··· MATERIAL SUPPLIED ···

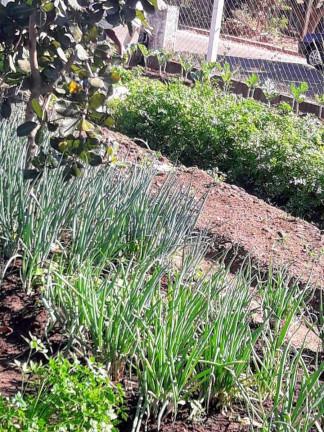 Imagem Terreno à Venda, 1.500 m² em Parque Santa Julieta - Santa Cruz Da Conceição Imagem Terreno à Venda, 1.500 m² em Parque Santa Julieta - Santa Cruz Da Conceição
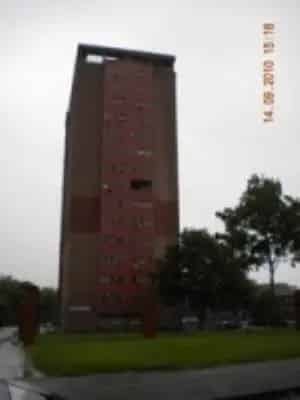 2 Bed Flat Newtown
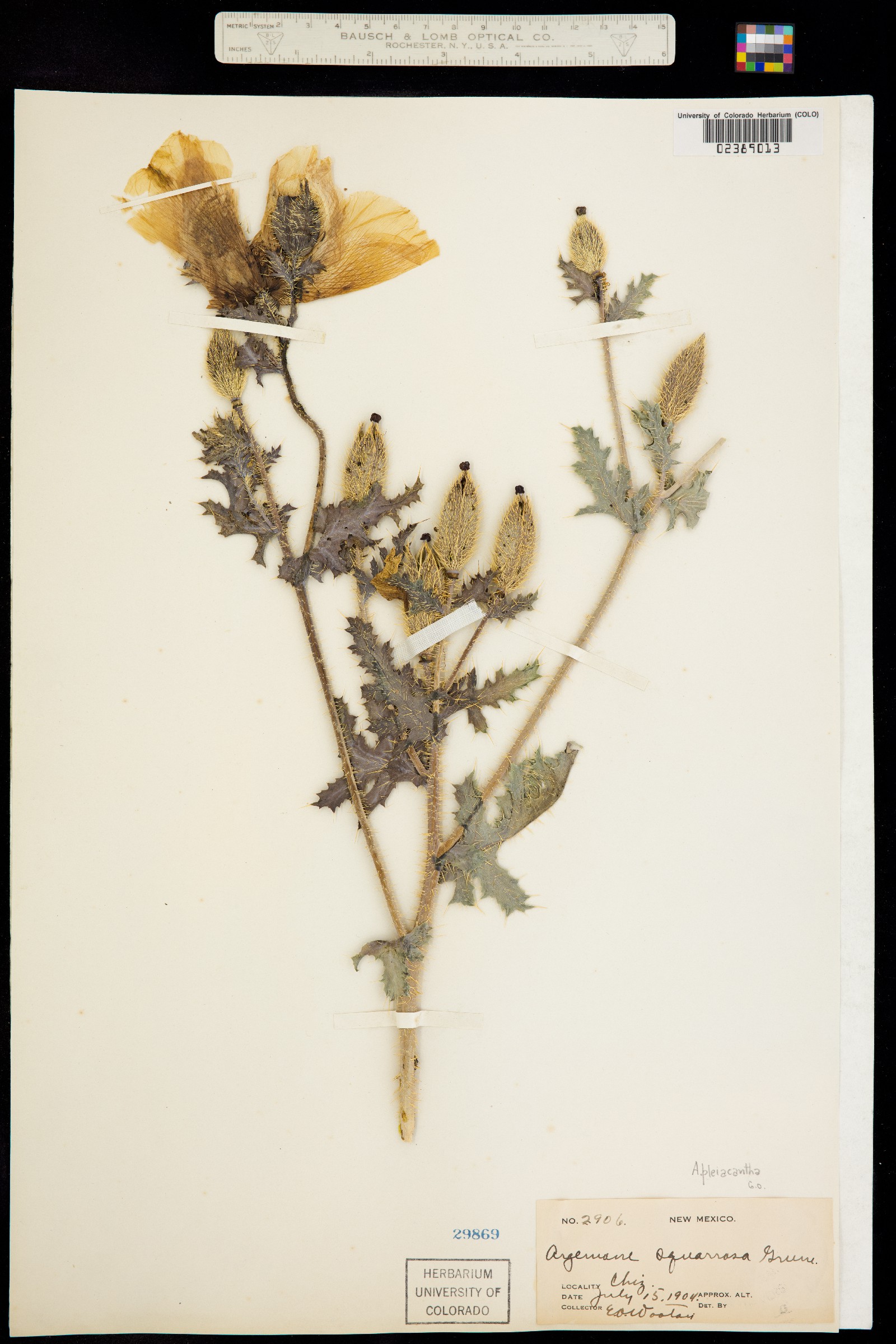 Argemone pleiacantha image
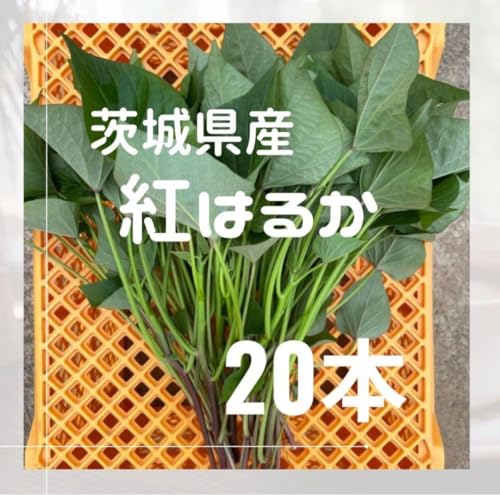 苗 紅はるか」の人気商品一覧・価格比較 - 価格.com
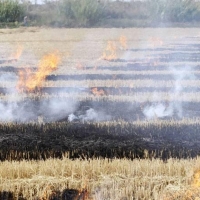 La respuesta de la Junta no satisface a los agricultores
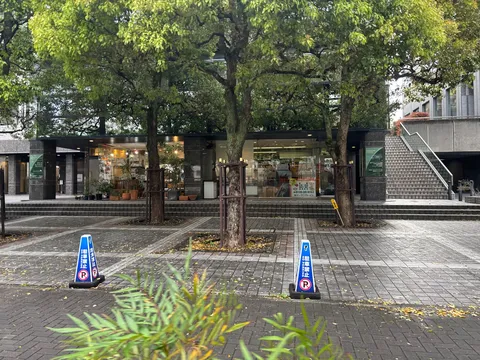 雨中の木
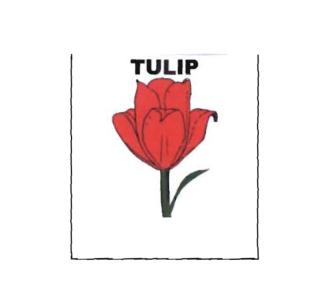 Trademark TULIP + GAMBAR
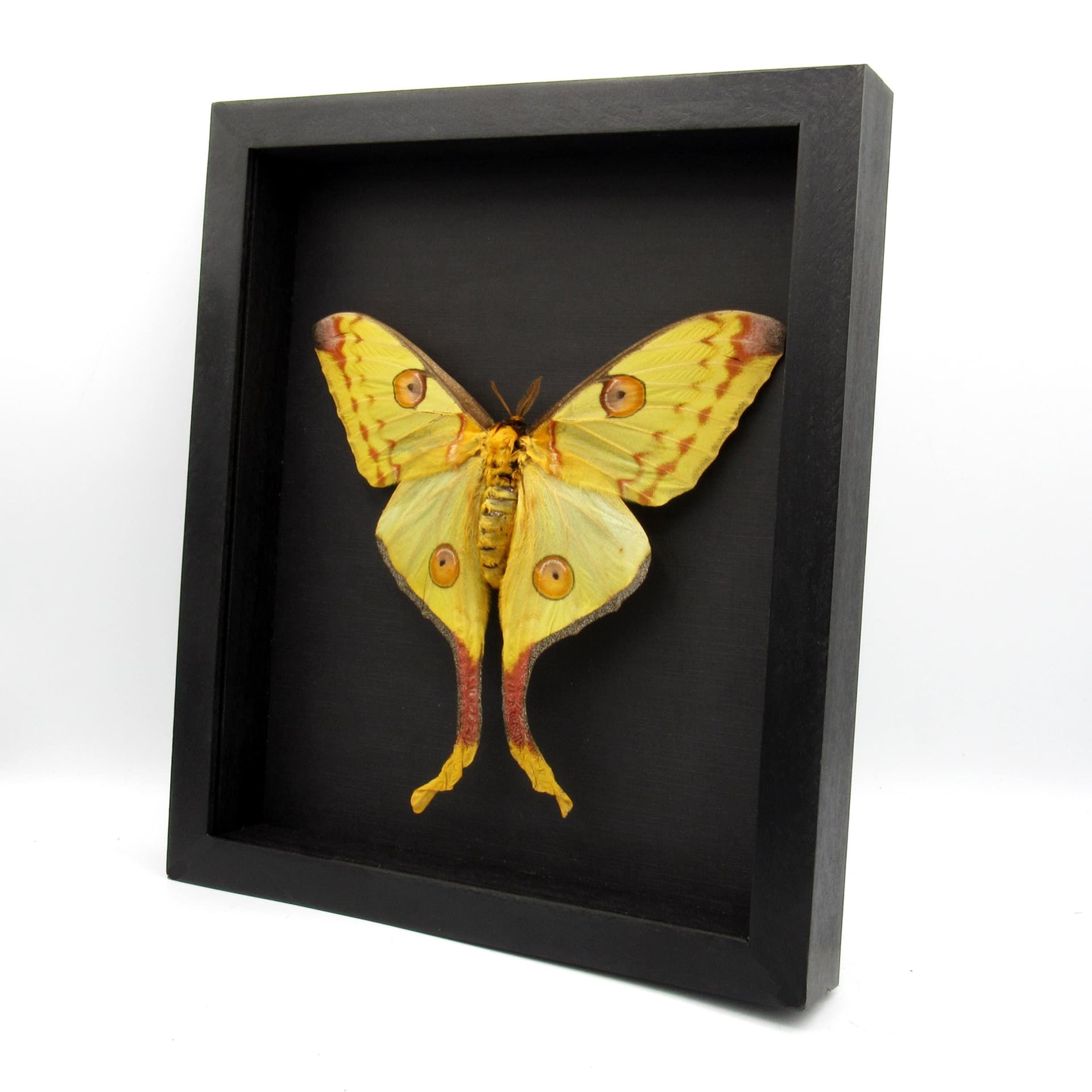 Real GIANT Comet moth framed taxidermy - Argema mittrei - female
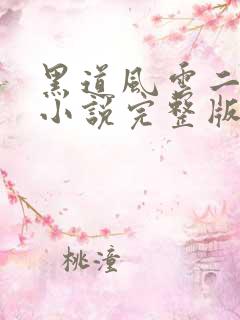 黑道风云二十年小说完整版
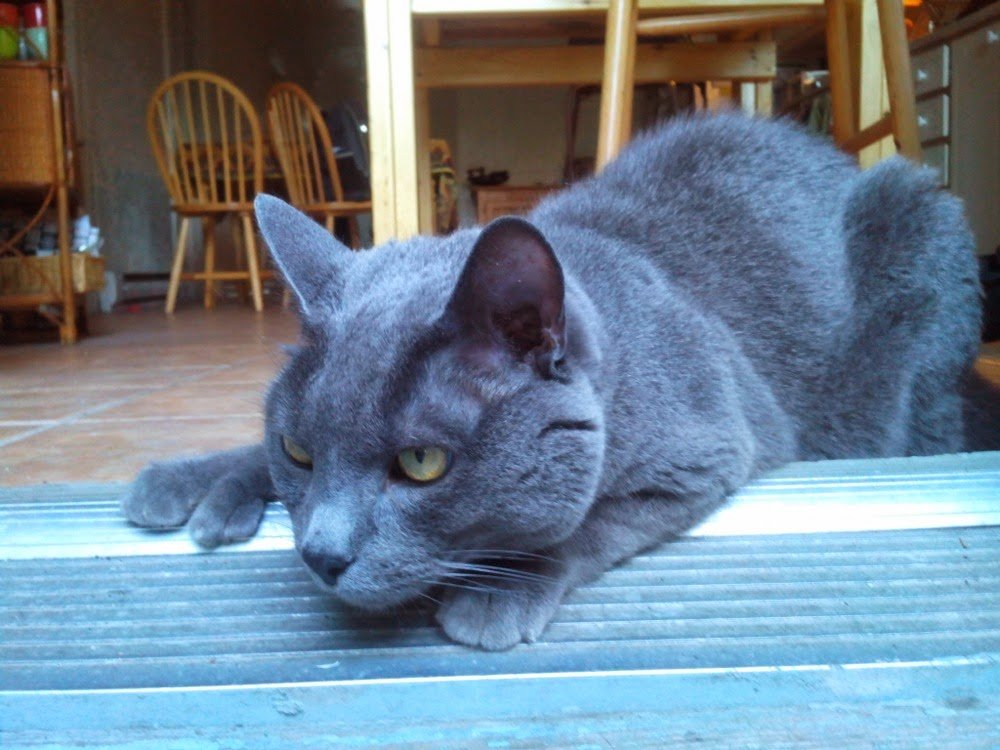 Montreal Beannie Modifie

···

▸ **ABOUT THIS TASK**: Every entry above should come back exactly as written, except for its pictures.

▸ **RESULT FOR THIS TASK**:
 Imagem Terreno à Venda, 1.500 m² em Parque Santa Julieta - Santa Cruz Da Conceição Imagem Terreno à Venda, 1.500 m² em Parque Santa Julieta - Santa Cruz Da Conceição
 2 Bed Flat Newtown
 Argemone pleiacantha image
 苗 紅はるか」の人気商品一覧・価格比較 - 価格.com
 La respuesta de la Junta no satisface a los agricultores
 雨中の木
 Trademark TULIP + GAMBAR
 Real GIANT Comet moth framed taxidermy - Argema mittrei - female
 黑道风云二十年小说完整版
 Montreal Beannie Modifie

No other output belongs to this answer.